— DATA EXTRACT —
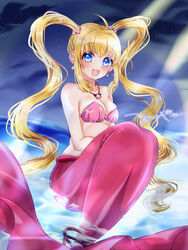  :d absurdres ahoge bare_shoulders blonde_hair blue_eyes breasts cleavage collarbone commentary curly_hair earrings female floating_hair full_body hair_ornament highres jewelry knee_up long_hair looking_at_viewer medium_breasts mermaid mermaid_melody_pichi_pichi_pitch monster_girl nanami_lucia nanami_lucia_(mermaid) necklace night ocean open_mouth outdoors shell shell_bikini shell_earrings shell_hair_ornament shell_necklace sidelocks signature sitting skindentation smile solo stomach tail tail_ornament tsukishiro_yayoi_(yumeir0) twintails very_long_hair 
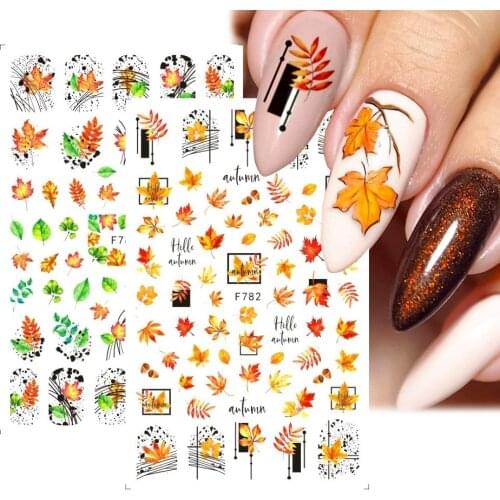 1 Sheet Nail Art Water Transfer Stickers Autumn Maple Leaf Mixed Beauty Full Wraps Watermark Manicure Tattoo Decals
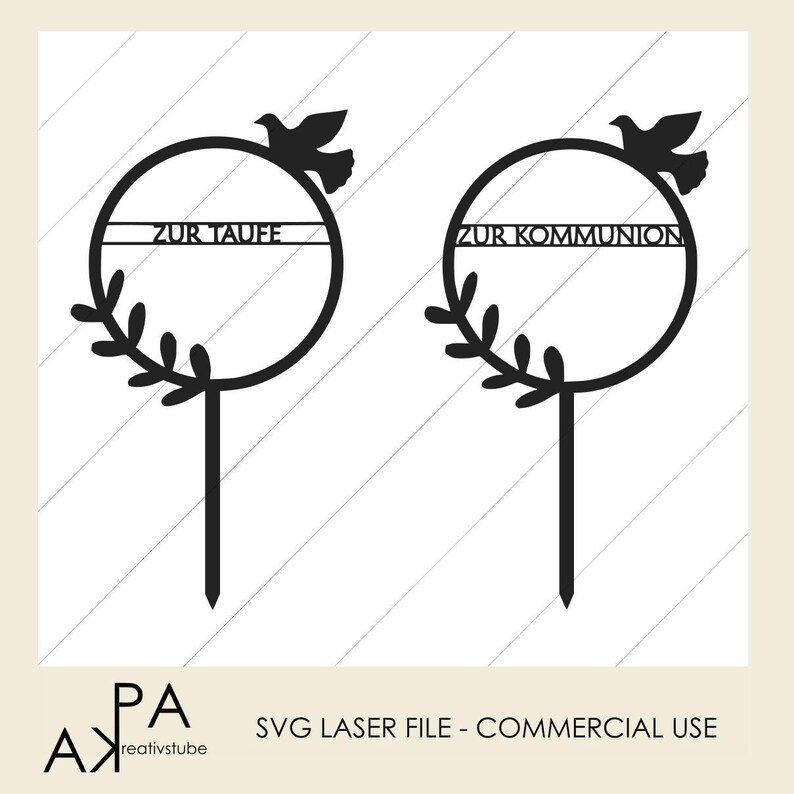 May include: Two black laser cut cake toppers with a dove and a wreath. The text on the toppers reads "Zur Taufe" and "Zur Kommunion".
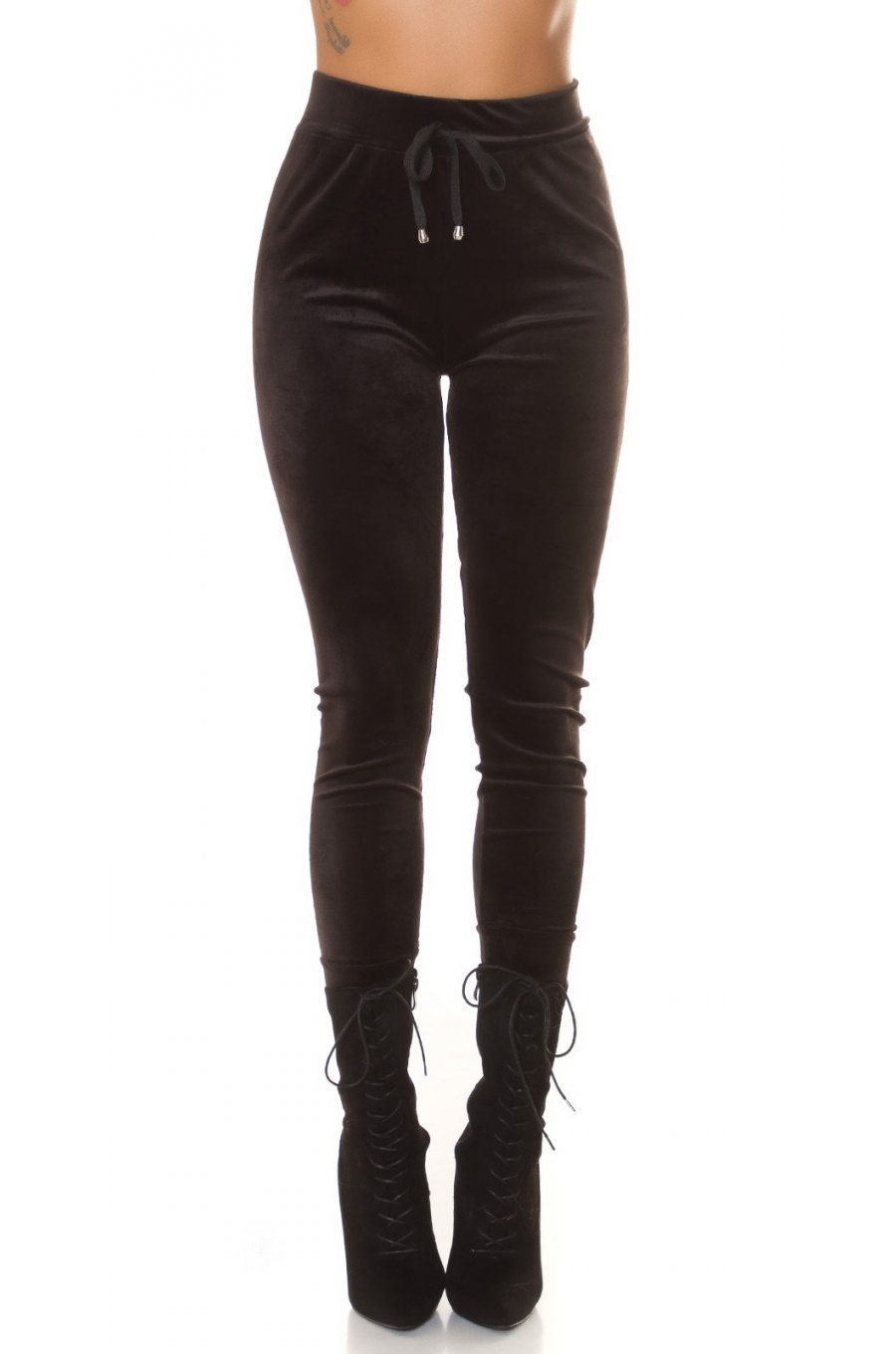 Pantaloni dama trening din catifea, negri, jogger, mulati, Violette 1 - jojofashion.ro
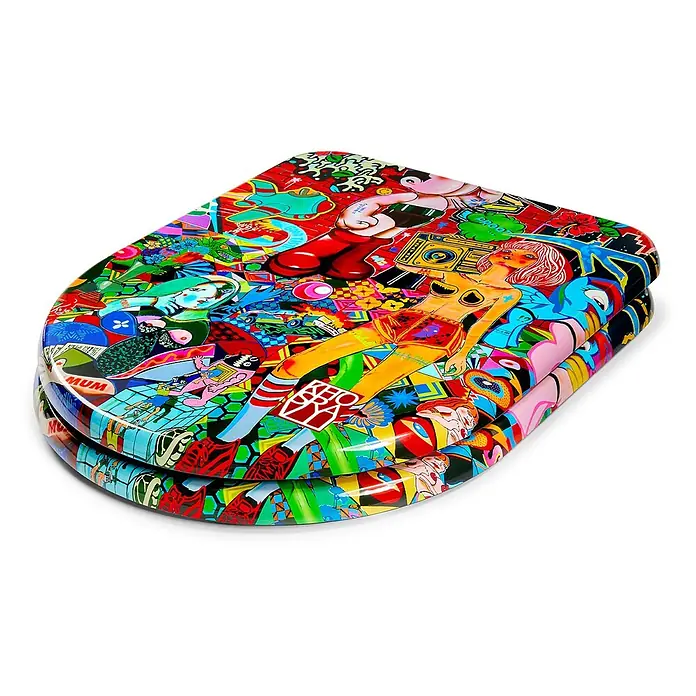 Tohaa Design WC-Sitz Vanity Fair Modern-D - Guive Khosravi -  - Bunt gestalteter Toilettensitz und Deckel mit glänzendem Pop-Art-Graffiti-Design.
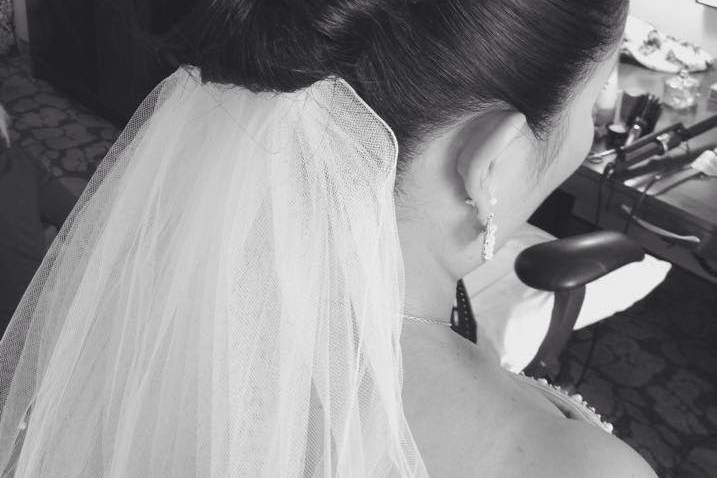 Clean classic bridal updo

— ACTION ITEM —
The reply should hold every entry above, given again exactly, but not a single picture.

— WRITTEN REPLY —
  :d absurdres ahoge bare_shoulders blonde_hair blue_eyes breasts cleavage collarbone commentary curly_hair earrings female floating_hair full_body hair_ornament highres jewelry knee_up long_hair looking_at_viewer medium_breasts mermaid mermaid_melody_pichi_pichi_pitch monster_girl nanami_lucia nanami_lucia_(mermaid) necklace night ocean open_mouth outdoors shell shell_bikini shell_earrings shell_hair_ornament shell_necklace sidelocks signature sitting skindentation smile solo stomach tail tail_ornament tsukishiro_yayoi_(yumeir0) twintails very_long_hair 
 1 Sheet Nail Art Water Transfer Stickers Autumn Maple Leaf Mixed Beauty Full Wraps Watermark Manicure Tattoo Decals
 May include: Two black laser cut cake toppers with a dove and a wreath. The text on the toppers reads "Zur Taufe" and "Zur Kommunion".
 Pantaloni dama trening din catifea, negri, jogger, mulati, Violette 1 - jojofashion.ro
 Tohaa Design WC-Sitz Vanity Fair Modern-D - Guive Khosravi -  - Bunt gestalteter Toilettensitz und Deckel mit glänzendem Pop-Art-Graffiti-Design.
 Clean classic bridal updo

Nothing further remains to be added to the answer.